(MATERIAL FOR THIS EXERCISE)
|---|
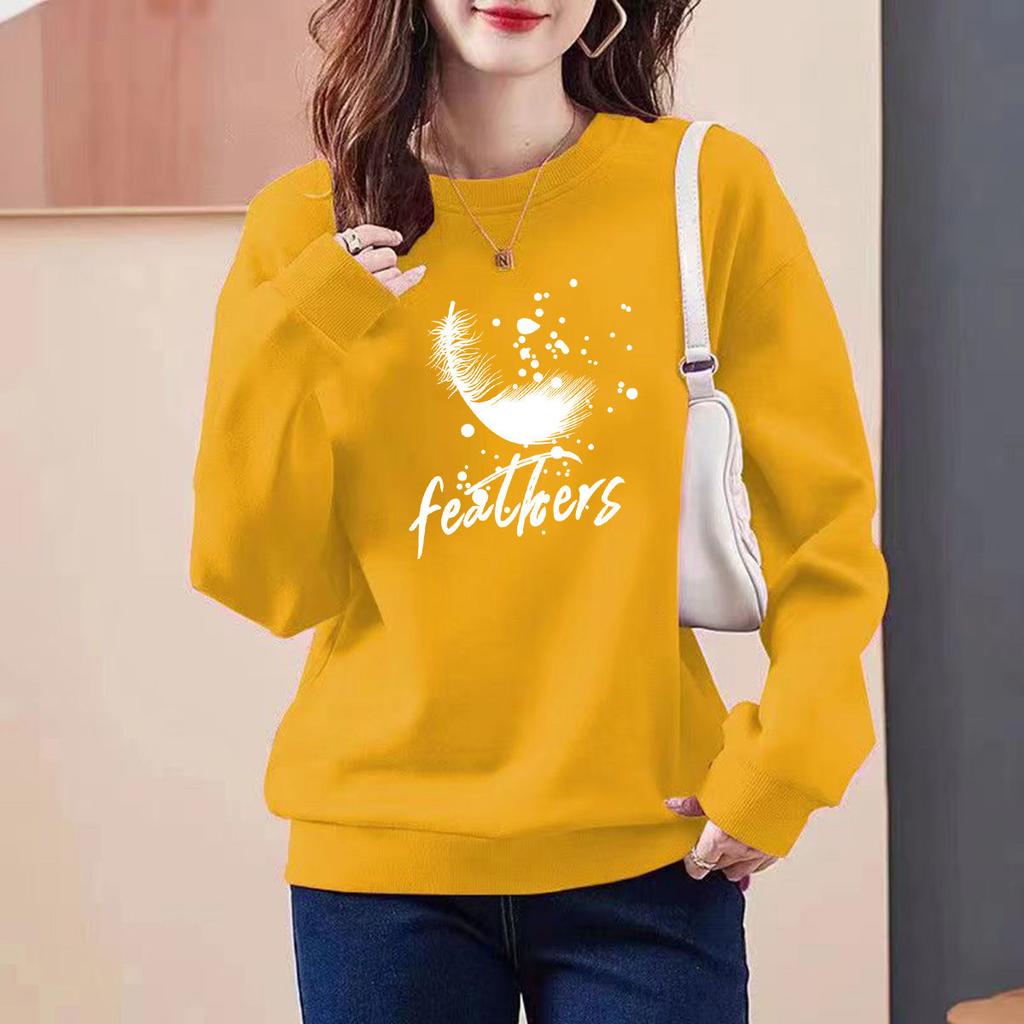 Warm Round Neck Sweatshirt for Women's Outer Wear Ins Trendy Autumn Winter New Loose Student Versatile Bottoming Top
|---|
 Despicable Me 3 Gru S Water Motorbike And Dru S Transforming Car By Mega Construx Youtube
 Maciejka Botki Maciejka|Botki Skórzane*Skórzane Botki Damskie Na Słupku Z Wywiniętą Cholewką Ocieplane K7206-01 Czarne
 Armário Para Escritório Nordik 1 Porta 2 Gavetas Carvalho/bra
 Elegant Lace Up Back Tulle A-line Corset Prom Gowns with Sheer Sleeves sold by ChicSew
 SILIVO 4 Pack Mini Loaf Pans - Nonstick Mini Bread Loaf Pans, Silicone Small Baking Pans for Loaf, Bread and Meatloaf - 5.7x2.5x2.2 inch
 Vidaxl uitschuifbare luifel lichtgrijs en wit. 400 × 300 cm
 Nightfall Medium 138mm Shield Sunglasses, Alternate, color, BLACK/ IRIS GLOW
|---|
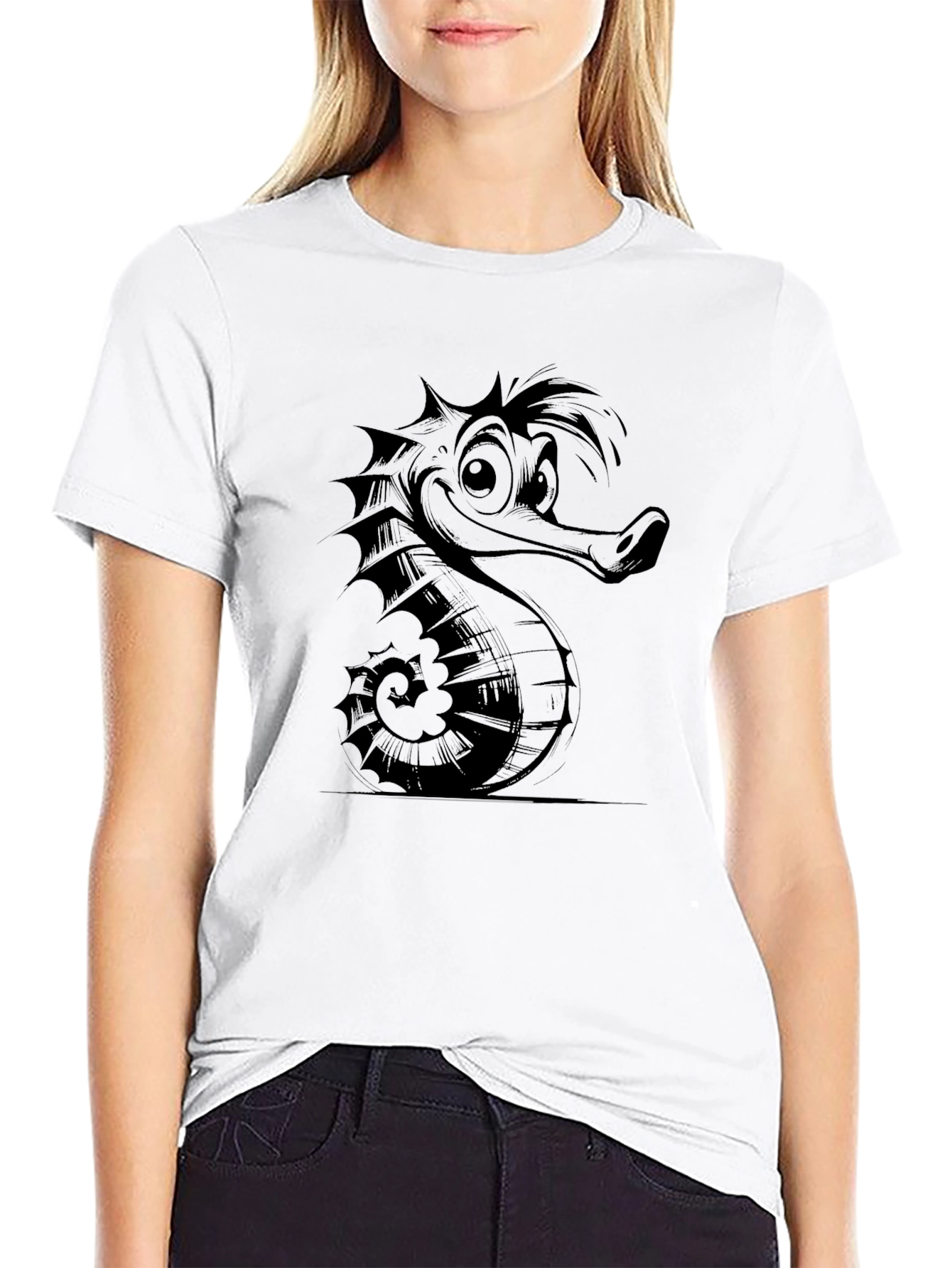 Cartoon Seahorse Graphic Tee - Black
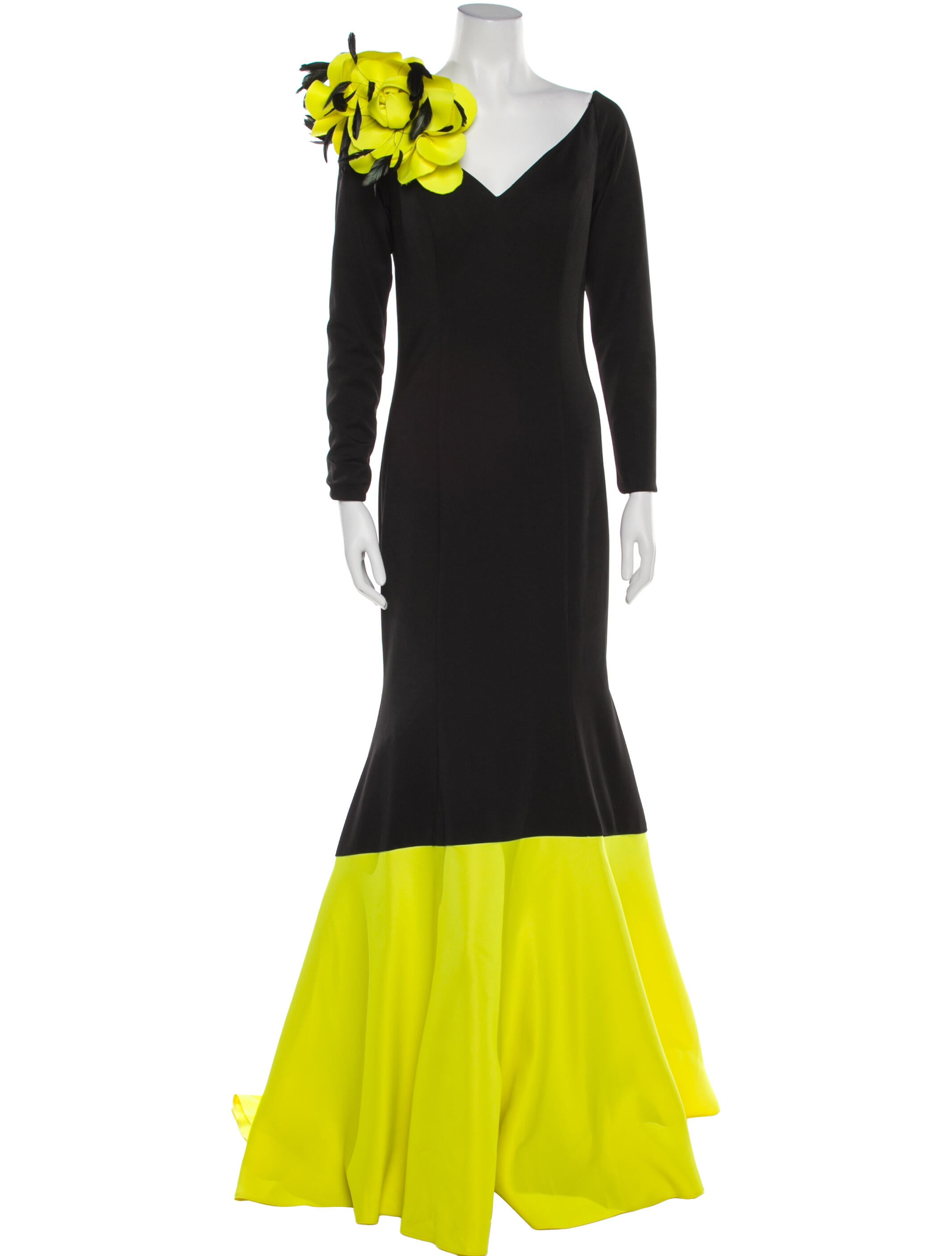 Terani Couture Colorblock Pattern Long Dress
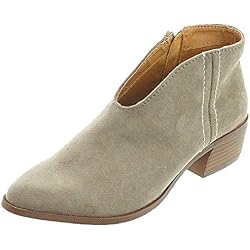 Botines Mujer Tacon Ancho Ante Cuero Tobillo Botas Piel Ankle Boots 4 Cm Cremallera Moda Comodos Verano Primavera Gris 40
|---|
Copy out, exactly and alone, the lines of the entries above between the ones holding "Despicable Me 3" and "Elegant Lace Up", inclusive.

(ANSWER TO THE PROBLEM)
 Despicable Me 3 Gru S Water Motorbike And Dru S Transforming Car By Mega Construx Youtube
 Maciejka Botki Maciejka|Botki Skórzane*Skórzane Botki Damskie Na Słupku Z Wywiniętą Cholewką Ocieplane K7206-01 Czarne
 Armário Para Escritório Nordik 1 Porta 2 Gavetas Carvalho/bra
 Elegant Lace Up Back Tulle A-line Corset Prom Gowns with Sheer Sleeves sold by ChicSew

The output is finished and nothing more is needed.